Scraped caption text data
=====
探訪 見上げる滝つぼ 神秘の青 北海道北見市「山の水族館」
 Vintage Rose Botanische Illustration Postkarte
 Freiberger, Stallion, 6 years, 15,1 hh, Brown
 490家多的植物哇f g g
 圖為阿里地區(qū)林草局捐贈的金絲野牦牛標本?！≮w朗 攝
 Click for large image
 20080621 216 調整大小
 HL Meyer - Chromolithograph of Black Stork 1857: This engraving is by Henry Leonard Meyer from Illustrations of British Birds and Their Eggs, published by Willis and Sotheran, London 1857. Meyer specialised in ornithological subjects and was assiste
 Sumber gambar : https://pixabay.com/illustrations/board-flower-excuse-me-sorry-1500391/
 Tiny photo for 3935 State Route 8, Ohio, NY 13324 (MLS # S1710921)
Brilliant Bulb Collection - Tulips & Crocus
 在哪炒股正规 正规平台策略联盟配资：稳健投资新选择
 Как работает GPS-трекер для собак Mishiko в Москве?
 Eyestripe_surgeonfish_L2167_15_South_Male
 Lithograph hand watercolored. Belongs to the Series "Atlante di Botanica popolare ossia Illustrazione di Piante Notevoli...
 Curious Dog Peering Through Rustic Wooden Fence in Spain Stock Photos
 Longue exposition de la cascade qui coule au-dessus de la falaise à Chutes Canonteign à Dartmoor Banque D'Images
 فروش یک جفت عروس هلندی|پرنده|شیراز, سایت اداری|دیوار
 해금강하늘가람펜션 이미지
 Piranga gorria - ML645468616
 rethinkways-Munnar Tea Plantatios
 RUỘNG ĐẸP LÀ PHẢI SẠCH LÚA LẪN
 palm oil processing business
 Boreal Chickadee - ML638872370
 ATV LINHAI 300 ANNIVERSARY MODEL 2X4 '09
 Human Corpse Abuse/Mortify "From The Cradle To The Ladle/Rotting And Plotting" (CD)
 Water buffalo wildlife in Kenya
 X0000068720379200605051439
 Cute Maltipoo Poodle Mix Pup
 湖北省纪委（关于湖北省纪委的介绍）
=====
Send back each record exactly as it stands.

§ **Completed task**
探訪 見上げる滝つぼ 神秘の青 北海道北見市「山の水族館」
 Vintage Rose Botanische Illustration Postkarte
 Freiberger, Stallion, 6 years, 15,1 hh, Brown
 490家多的植物哇f g g
 圖為阿里地區(qū)林草局捐贈的金絲野牦牛標本?！≮w朗 攝
 Click for large image
 20080621 216 調整大小
 HL Meyer - Chromolithograph of Black Stork 1857: This engraving is by Henry Leonard Meyer from Illustrations of British Birds and Their Eggs, published by Willis and Sotheran, London 1857. Meyer specialised in ornithological subjects and was assiste
 Sumber gambar : https://pixabay.com/illustrations/board-flower-excuse-me-sorry-1500391/
 Tiny photo for 3935 State Route 8, Ohio, NY 13324 (MLS # S1710921)
Brilliant Bulb Collection - Tulips & Crocus
 在哪炒股正规 正规平台策略联盟配资：稳健投资新选择
 Как работает GPS-трекер для собак Mishiko в Москве?
 Eyestripe_surgeonfish_L2167_15_South_Male
 Lithograph hand watercolored. Belongs to the Series "Atlante di Botanica popolare ossia Illustrazione di Piante Notevoli...
 Curious Dog Peering Through Rustic Wooden Fence in Spain Stock Photos
 Longue exposition de la cascade qui coule au-dessus de la falaise à Chutes Canonteign à Dartmoor Banque D'Images
 فروش یک جفت عروس هلندی|پرنده|شیراز, سایت اداری|دیوار
 해금강하늘가람펜션 이미지
 Piranga gorria - ML645468616
 rethinkways-Munnar Tea Plantatios
 RUỘNG ĐẸP LÀ PHẢI SẠCH LÚA LẪN
 palm oil processing business
 Boreal Chickadee - ML638872370
 ATV LINHAI 300 ANNIVERSARY MODEL 2X4 '09
 Human Corpse Abuse/Mortify "From The Cradle To The Ladle/Rotting And Plotting" (CD)
 Water buffalo wildlife in Kenya
 X0000068720379200605051439
 Cute Maltipoo Poodle Mix Pup
 湖北省纪委（关于湖北省纪委的介绍）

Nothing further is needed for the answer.